What’s killing us is obviously iterating over $\pi(10^{10}) - \pi(10^9) \approx 10^{10} / \log 10^{10} \approx 400\text{M}$ primes. That’s a lot of primes — so many, in fact, that I wager we are highly likely to find an n-digit prime with n-1 or n-2 occurrences of any digit. Furthermore, in general there aren’t that many n-digit numbers mostly containing a single digit d.
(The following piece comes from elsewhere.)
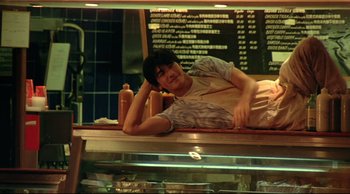 Movie still from “Fallen Angels” (1995), directed by Kar-Wai Wong – A man sitting on a counter in front of a display case; Medium shot, High angle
Rather than taking primes and checking if they have a lot of ds, can we generate numbers with a lot of ds and check if they’re prime?

use itertools::Itertools;
use primal::is_prime;

// Get `n`-digit number with `free_digits` at given indices and `d`s elsewhere
// Ex: build_number(4, 1, [5, 6], [0, 2]) => 5161
fn build_number(
    n: usize,
    d: usize,
    free_digits: &Vec<usize>,
    free_digit_indices: &Vec<usize>,
) -> Option<usize> {
    let mut digits = vec![d; n];
    for i in 0..free_digits.len() {
        digits[free_digit_indices[i]] = free_digits[i];
    }
    if digits[0] == 0 {
        // Not an n-digit number
        None
    } else {
        let number = digits.iter().fold(0, |n, d| n * 10 + d);
        Some(number)
    }
}

// Get all `n`-digit integers with `k` occurrences of digit `d`.
fn n_digit_numbers_with_k_ds(n: usize, k: usize, d: usize) -> Vec<usize> {
    let n_free_digits = n - k;
    let non_d_digits = (0..10).filter(|x| *x != d);
    // Get all `n_free_digits`-tuples of non-`d` digits
    let free_digits_choices = vec![non_d_digits; n_free_digits]
        .into_iter()
        .multi_cartesian_product();
    // Order matters in free digits (e.g. we have both [1, 2] and [2, 1]), so order-independent
    // combinations of indices suffice to construct all integers
    let free_digit_indices_choices = (0..n).combinations(n_free_digits);

    let mut numbers = Vec::new();
    for free_digits in free_digits_choices {
        for free_digit_indices in free_digit_indices_choices.clone() {
            match build_number(n, d, &free_digits, &free_digit_indices) {
                Some(n) => numbers.push(n),
                None => (),
            }
        }
    }
    numbers
}

fn s(n: usize, d: usize) -> usize {
    // Consider first `n`-digit primes with `n` `d`s, then `n-1` `d`s, etc. We can stop as soon as
    // we find a nonempty set.
    for k in (0..n + 1).rev() {
        let mut n_digit_primes_with_k_ds = n_digit_numbers_with_k_ds(n, k, d)
            .into_iter()
            .filter(|p| is_prime(*p as u64))
            .peekable();
        if n_digit_primes_with_k_ds.peek().is_some() {
            return n_digit_primes_with_k_ds.sum::<usize>();
        }
    }
    panic!();
}

fn main() {
    let n = 10;
    println!("{}", (0..10).map(|d| s(n, d)).sum::<usize>());
}

This runs in a fraction of a second.

This last implementation ended up being a fairer fight against the compiler than I care to admit, with iterators and the borrow checker knocking me back at every turn. It’s very hard to imagine a case for Rust being in your top 3 tools for Project Euler. But it’s fun!